The exhibition situates Gego’s personal approach to nonobjective art within the context of the political and economic realities of Venezuela during and after the dictatorship of Marcos Pérez Jiménez (1952–58). The works attest to Gego’s sustained resistance to geometric abstraction and Cinetismo, two regime-sanctioned styles adopted by artists such as Jesús Rafael Soto and Alejandro Otero. Rejecting the mainstream, Gego fostered her own visual language and social circles in the literal and figurative peripheries of Caracas. She did not get involved, as many did, in large-scale state-commissioned projects like the design of the main campus of the Universidad Central de Venezuela (UCV) led by the architect Carlos Raúl Villanueva in the early 1950s. Instead of thus associating herself with her predominantly male peers, Gego focused on cultivating a different form of social relation: one centered on direct pedagogy. Her devoted industrial design students, who met frequently in her home to discuss ideas, are, like her Reticuláreas, part of her legacy.
Gego taught basic composition and a famous spatial relations course known affectionately as “Gego’s Seminar” at institutions like UCV and the Instituto de Diseño Neumann, using a hands-on workshop model. She had her students experiment with basic geometric shapes and patterns in humble materials like sticks, straws, and thread—just as she did. As evidenced by the works in the Guggenheim show, the principles of abstraction Gego developed and advanced in her classes were then applied throughout her own oeuvre. Consider Reticulárea cuadrada 71/2 (1971/89) and Reticulárea cuadrada 71/11 (1971), two steel wire sculptures suspended side by side on the rotunda’s third ramp.

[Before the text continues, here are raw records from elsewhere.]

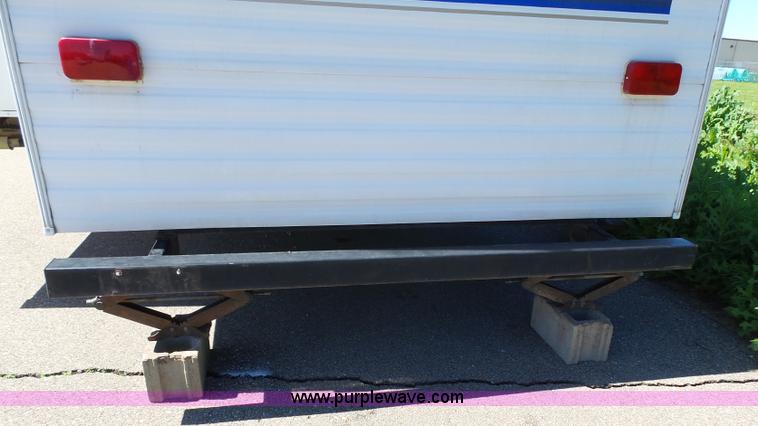 image for item J4049 2003 Dutchman Classic camper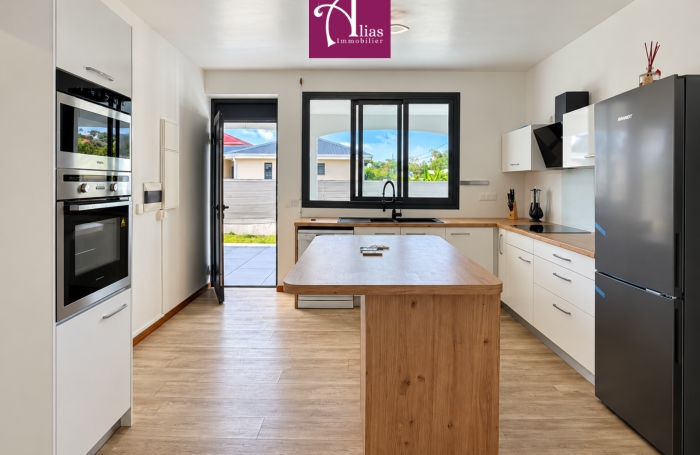 &Agrave; LOUER VILLA F4 MEUBL&Eacute;E &Agrave; ROUTA - LAMENTIN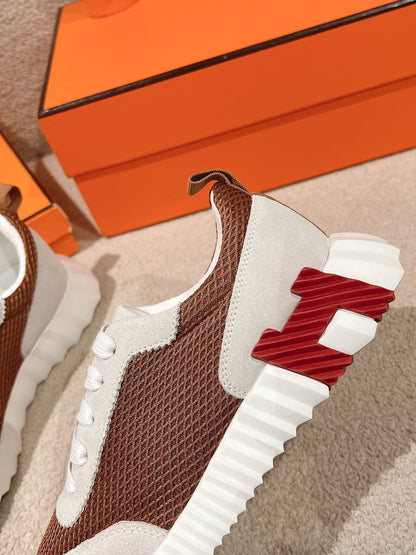 MAINLAND SNEAKER IN PALE GRAY SUEDE AND CARAMEL BROWN BREATHABLE MESH FABRIC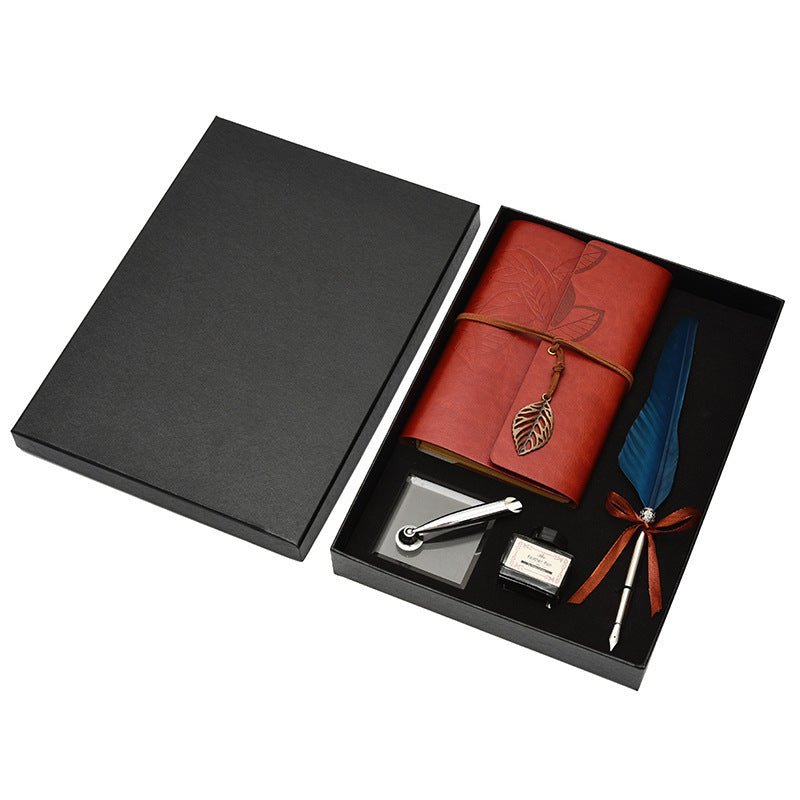 Idea regalo con blocco note, penna e inchiostro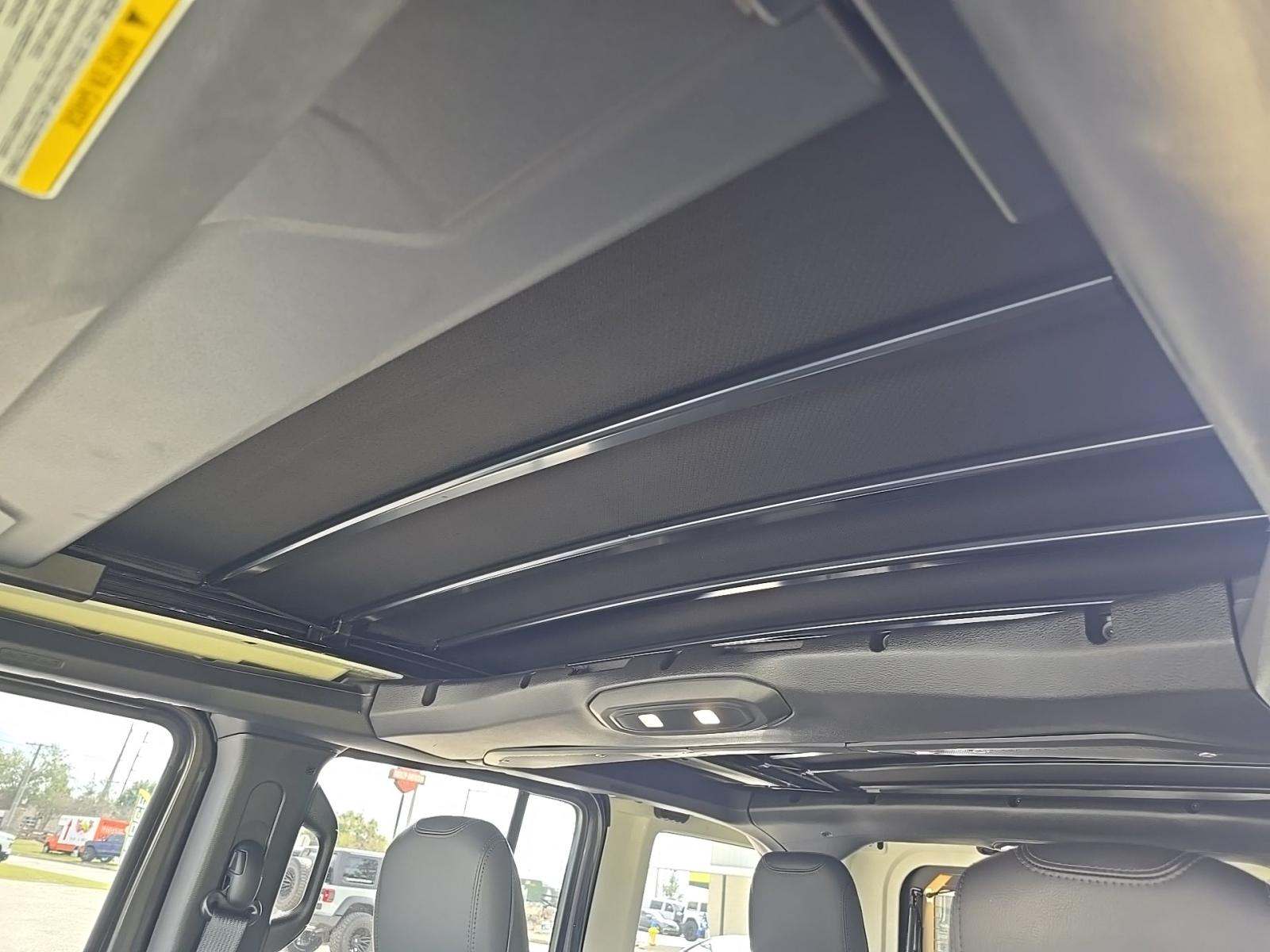 2025 Jeep Wrangler Sahara AWD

The first resembles a rippling, gridded tapestry whose fine lines cross at darkened junctions reinforced with black plastic tubing. The second, narrower Reticulárea has more tubing than the first: the plastic appears like a jagged and roughly U-shaped scar running through the midsection of the fragile grid. Some of the junctions have also come undone; sections of the sculpture hang loose. The effect resembles a slashed screen door. Julieta González, Senior Curator at the Museo Rufino Tamayo in Mexico City, has compared Gego’s abstract works to Caracas itself, describing both as agents who have defied the imposition of modernity and its ubiquitous grids. Indeed, like a restless body politic, Gego’s wire sculptures expose the versatility of structures and the countless ways in which one can rupture rigid preconditions.
In her long-running Dibujos sin papel (Drawings without Paper, ca. 1976–1988), a series of small-scale, vertically hanging wall sculptures, Gego displays her devotion to handicrafts, which, as she emphasized to her students, were the basis of architecture. Perhaps the most surprising work in the series is Dibujo sin papel 87/13 (1987). Unlike its steel counterparts, this “drawing without paper” is made from a rectangular scrap of earth-toned nylon. The fabric—translucent, fraying, and lodging pins, springs, spirals, and stitches—casts a stain-like shadow on the wall behind it. The fragility of the material and Gego’s interventions articulate the tensions and irregularities of organic form. There is something both brave and wayward about this experiment that captures the spirit of the twentieth-century visionary. Like a generous teacher, Gego shares her principles by showing her hand. Every work is a demonstration.